Introduction
Searching and sorting collections of data are at the heart of almost all programming projects. Fortunately, the .NET Framework includes a large number of tools which can help you to both reduce your development time and at the same time write programs which are more stable and perform better. This program demonstrates examples of many different searching and sorting techniques. The code for each technique can easily be borrowed to help you speed development of your applications.
This WinForms program visually compares the performance of nearly a dozen different approaches to searching and sorting data. The program also allows you to compare running these data manipulations using different multitasking techniques and settings. The multitasking settings will let you to see the degree to which the foreground program remains responsive to user interaction while performing the background data processing.
Background
Almost all programs must gather and manipulate sets of data. There are many very familiar ways to store, search, sort, and iterate through these collections of data. I have found that choosing the most appropriate technique for a particular task will greatly simplify coding while also improving the program's performance. For instance, I recently rewrote a complex production scheduling and optimizing routine that had originally been written in C++ (for speed, don't you know). The original program stored its data in a tangled collection of objects and linked lists which had to be frequently searched and sorted. The program was both slow and so mind-numbingly complex that even minor changes frequently broke the program in quite unexpected ways. As a result, none of my client company's developers wanted to touch the darn thing for fear it would explode. After studying the program and the problem, it became clear that using a set of Queues and Hashtable Collections would be much more elegant fit for the core scheduling and optimizing problem. The program is now much smaller, far less complex, much more stable, and runs about twenty times faster even though it is no longer coded in C++.
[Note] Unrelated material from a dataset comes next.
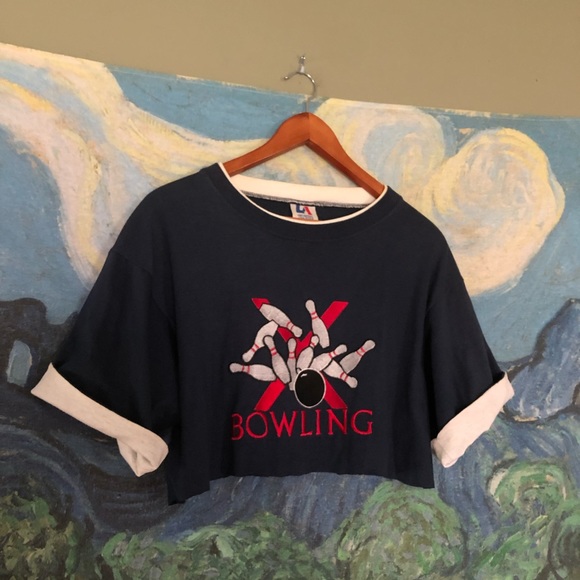 Vintage Tops - Vintage Cropped Bowling Tee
This sample program will allow you to compare the performance and underlying code for many different data manipulation techniques running with varying amounts of data. I have found that this is a very handy workbench when choosing the best tool to use for a coding problem. It is also a good source of code snippets to help speed development.
The program presents a list of search and sorting techniques in a ListView
. I have used Alan Anderson's outstanding Glacial List (see: article) in place of the standard ListView
. This very nice free control supports many enhanced features which allowed me to provide the user with a richer and more interactive experience. The control makes it very easy for me to embed progress bars to display the current processing status. I have also replaced the standard progress bar with Alan Zhao's nifty Color Progress Bar (see: article) for much of the same reasons.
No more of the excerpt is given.